Two key things changed my mind. Last summer at New Writing Worlds, the Norwich international writers' conference, a young Russian poet revealed that she had compiled an entire book of 140-character poems. Was this specious or interesting? I didn't think she, personally, was specious, so the clear alternative was that she, and therefore it, was interesting. But only in a remote way.

The second was the enthusiasm of my fellow poet in China, Pascale Petit. She felt it was a great way of circulating valuable information, not just in terms of the Arab Spring or our own dear riots of looting, but in distinctly cultural terms. Perhaps so, I thought. Then, why not? And finally, OK.

*

Telegraphese

The form is genuinely interesting. Even with the recourse of abbreviation it imposes severe limits on what may be said. It is clearly not a medium for developing an argument or drawing a conclusion. Surely, then, it's just telegraphese. You could be telegraphese on FB, you could be so in an email, but you don't have to be. Here it is demanded.

But there can be subtlety even in a telegram. Peccavi, wrote General Napier in his one-word telegram of 1843, meaning, literally, I have sinned, though, wit that he was, his true meaning was I have (taken) (the Indian province of) Sind. It is an apocryphal story but exemplary in its way. It tells us something about the possibilities of translation, ambiguity and density.

Not every sentence has to be informative. Syntax is not a crude tool: it permits completion, incompletion, varieties of register, varieties of pitch and musical phrasing. It permits of density, association, enigma and echo. A little of it can go quite a long way.

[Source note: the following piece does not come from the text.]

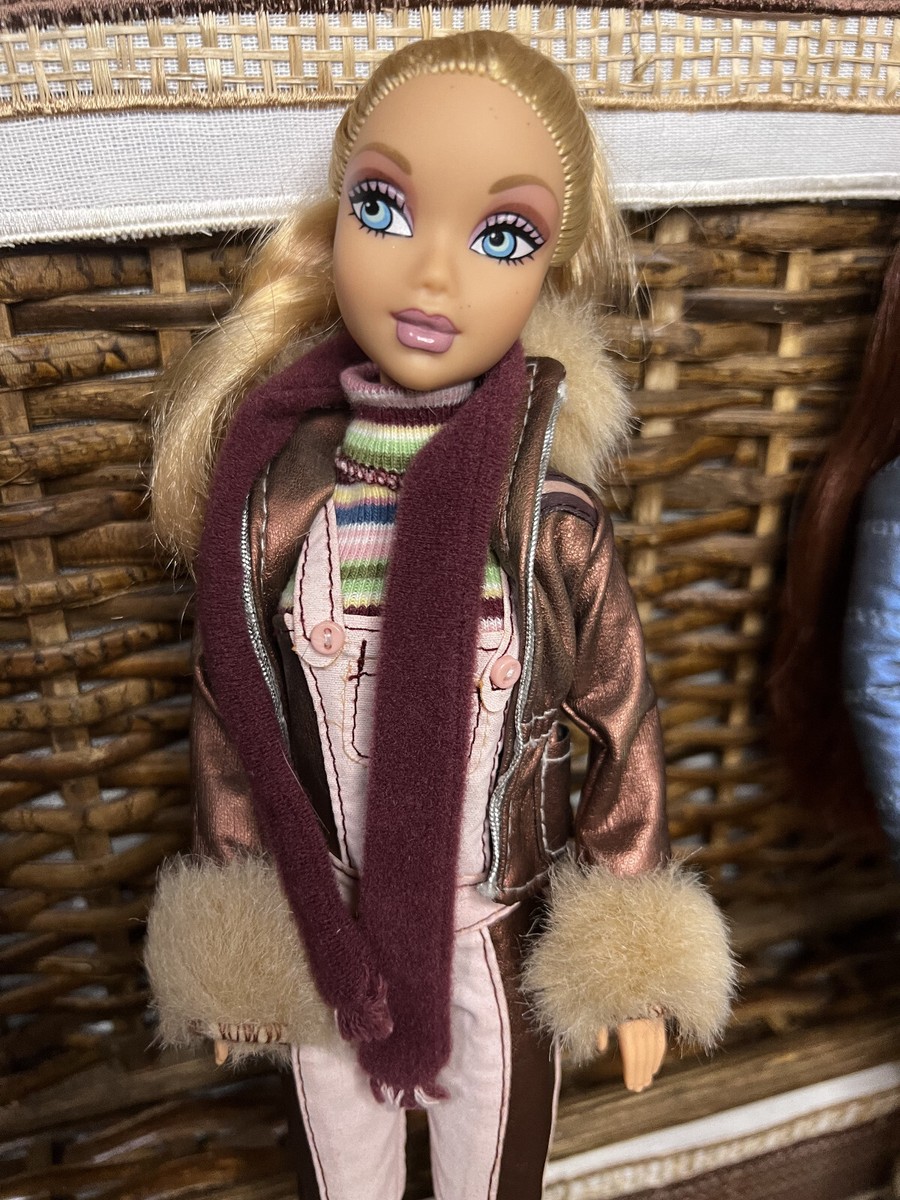 Barbie My Scene Chillin Out Dolls with Snowboard, Glasses, Helmet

Poetry and a wet black bough

There are short forms in poetry: the haiku, noted for its meditative depth; the distich, noted for its authority and firmness; the couplet, noted for its wit and crispness; and the quintain that can be quite elegiac. These are all set forms that may be explored within 140 characters. There is also Imagism and its flirting with preciousness but also its sudden sense of significance. I think of Pound's In a Station of the Metro: 'The apparition of these faces in the crowd; / Petals on a wet, black bough' which is almost, but not quite, prose, though prose-as-poetry may easily follow from it.

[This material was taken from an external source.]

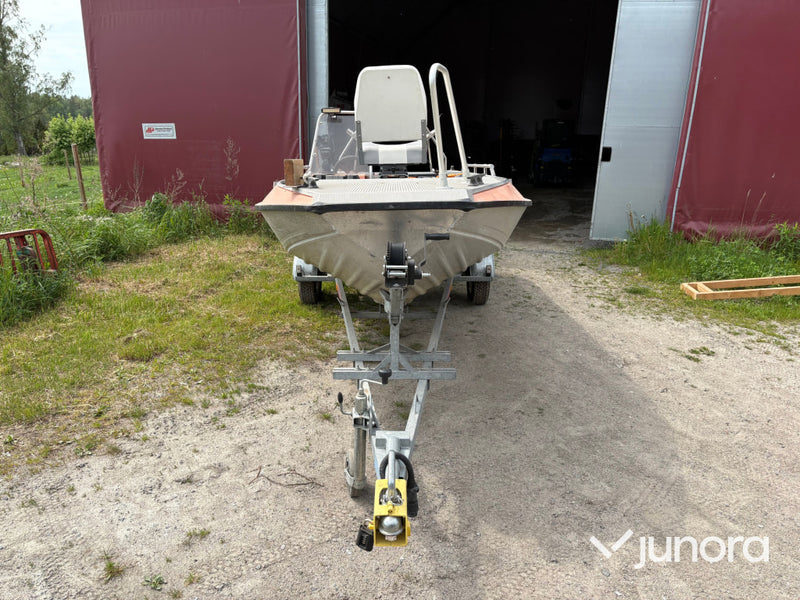 Buster RS inklusive båttrailer och tillbehör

Notation: this thing is like that thing

Poetry, conscious of itself as poetry, is one possibility then. Notation is another. The Pound poem is high-level notation, though the word 'apparition' alerts us to the fact that he wouldn't necessarily speak like that. The faces in the metro might have suggested petals on a wet black bough without quite such a clear poetic invitation. And that might be attractive, after all. We don't necessary want to be laboured into poetry, not in a Tweet. And yet we may want to feel its possibility, just as we feel it in life. We understand that life presents us with implied significances we wouldn't wish to labour but without which life would be relatively empty. The same goes for language, even in a Tweet. The language need not be relatively empty. It could just notate away, raising the stakes with a properly light touch. You just have to listen a little harder as you write.


Remark, footnote, link

This is not overtly concerned with either notation or poetry. It is merely conversation conducted in public. It can be conversation with another person on Twitter, or with a circle of the like-minded, or with a text read elsewhere. The Greeks had the dramatic form of stichomythia in which conversation is conducted through single lines of verse. In Twitter this can become a colloquy. Or a combined commentary. The abbreviation of links is vital. Other people's reading becomes, briefly, a common text. And there is not only some great reading out there but some great readers.


Jokes in a vacuum, the absurd categorised

The possibility of one-liner jokes is tempting. You can make your quip and stand well back.Or you can create or enter worlds of the absurd, worlds that comment on the apparent logic of syntax by turning their backs on it to create a pseudo-order. Somewhere between Beckett, Ionesco and the nostalgic comic strip there is a subterranean network of passages that are a delight in themselves.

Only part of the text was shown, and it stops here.